Le Maroc et Dior, emblématique maison de haute couture française, partagent une histoire en commun. Le royaume, riche d’un héritage mode pluriséculaire, est devenue une source d’inspiration pour la marque de luxe.
Tout commence à Casablanca, dans les années 1950. A l’époque, la métropole marocaine vite une véritable révolution mode, les maisons de haute couture locales mêlant tradition et modernité.
Une maison de couture locale à Casablanca, connue sous le nom de Joste, a interpellé Christian Ernest Dior. Attiré par le savoir-faire grâcieux de la mode marocaine, en particulier le caftan, Dior a décidé de s’associer à Joste pour créer une ligne exclusive pour la maison française au Maroc.
Selon le quotidien Le Monde, Dior s’associe à Joste en 1951, afin de «réaliser des créations [à Casablanca] pour une clientèle locale». «Lucky, l’un des mannequins favorits de [Dior], a laissé dans les archives quelques clichés» au Maroc, rappelle le journal.
Cette prestigieuse collaboration n’est pas un hasard. Dans les années 1950, Joste est devenu l’incontournable de la haute couture au Maroc. Créée en 1934 par une Française, Joste a proposé non seulement des collections en collaboration avec Christian Dior, mais aussi avec d’autres grands noms de la mode, dont Lucien Lelong et Yves Saint Laurent, le fondateur d’YSL.
Une collaboration qui a duré des décennies
A travers ses créations, Joste a joué «un rôle important dans l’introduction de l’esthétique de la création française au Maroc», écrit l’anthropologue de mode Maria Angela Jansen, dans son article «Joste – Tamy Tazi – Yves Saint Laurent: A Story of Cultural Appropriation, Otherness, and Self-Definition» (Joste – Tamy Tazi – Yves Saint Laurent : une histoire d’appropriation culturelle, d’altérité et de définition de soi).
La collaboration entre Joste et Dior a donné naissance à des pièces emblématiques, aujourd’hui considérées comme vintage et vendues en ligne aux collectionneurs de mode.
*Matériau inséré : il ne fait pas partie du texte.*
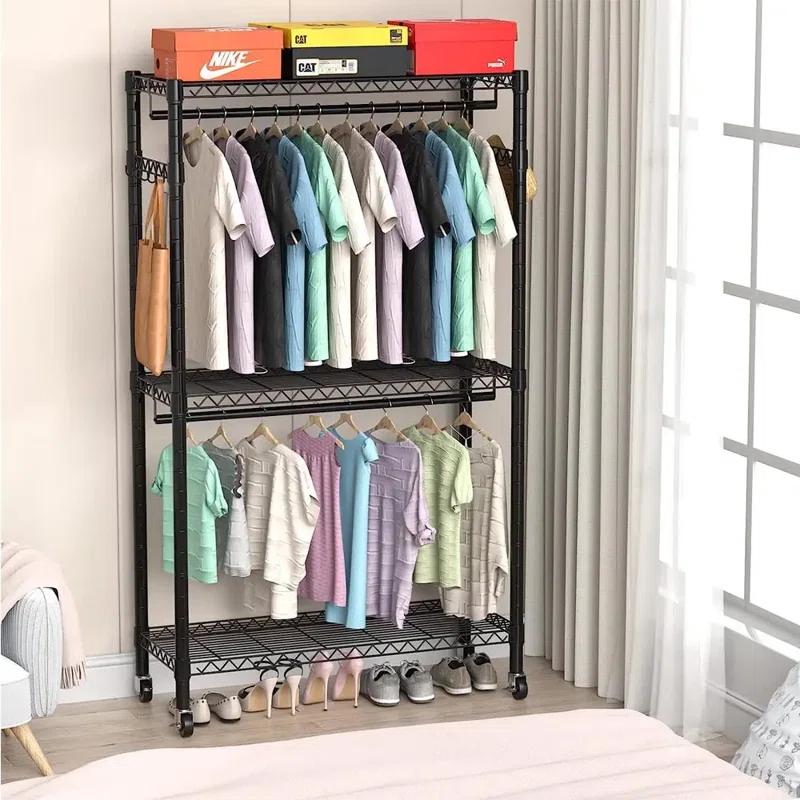 SOOTBA Rolling Clothes Hanger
Parmi celles-ci, on trouve la robe en lin violet Christian Dior Boutique Joste Maroc, une petite robe noire en mousseline finement plissée, une robe de soirée en satin rose richement brodée de perles, ou encore une robe en velours de soie noire des années 1980. Toutes portent une étiquette authentique sur laquelle est inscrit «Christian Dior Joste Exclusivité au Maroc».
Le décès du fondateur de la maison Dior, en 1957, n’a justement pas signé la fin du partenariat avec Joste à Casablanca. La collaboration s’est poursuivie jusqu’à la fin des années 1980.
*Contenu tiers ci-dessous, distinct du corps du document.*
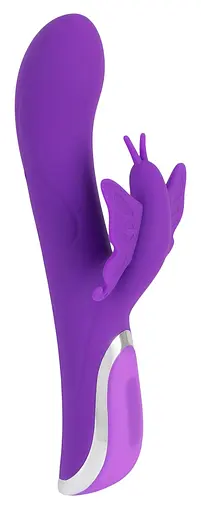 Вибратор-кролик Sweet Smile Rechargeable Rotating 23 см фиолетовый - фото 2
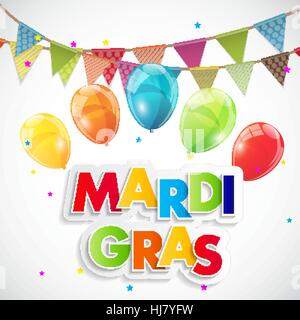 Mardi Gras Party Poster vacanze sfondo. Illustrazione Vettoriale Illustrazione Vettoriale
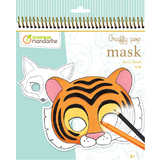 avenue mandarine Carnet de coloriage graffy Pop mask Animaux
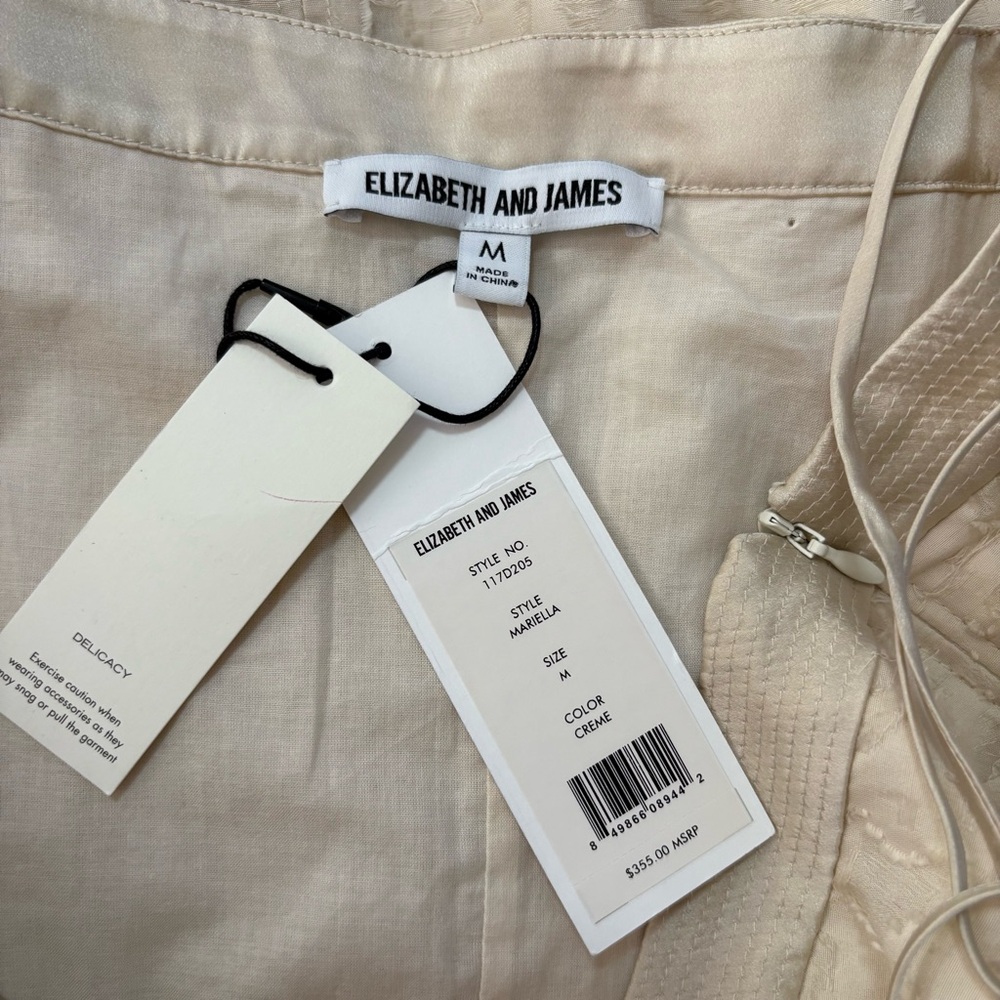 Elizabeth and James Cream Mini Dress - Picture 10 of 13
L’industrie de la mode marocaine s’est est bien portée, grâce au rayonnement dont elle a bénéficié. Dans les années 1970, la modéliste marocaine Tamy Tazi a pris la relève de Joste. Elle est devenue elle-même une créatrice de mode influente à part entière. Jansen a noté que Tazi «faisait partie de la première génération de créateurs marocains, qui ont modernisé et révolutionné la mode marocaine en introduisant l’esthétique européenne, gagnant ainsi un succès remarquable à l’étranger».
Grâce à son amitié avec Yves Saint Laurent, Tazi a intégré l’héritage marocain dans ses créations, contribuant ainsi à introduire les caftans et les gandouras sur la scène mondiale dans les années 1960 et 1970, alors que le style bohème prenait de l’ampleur. De nombreuses célébrités, dont la première dame des Etats-Unis Jacqueline Kennedy, la mannequin néerlandaise philanthrope Talitha Getty et l’actrice française Catherine Deneuve, ont porté ces créations d’inspiration marocaine.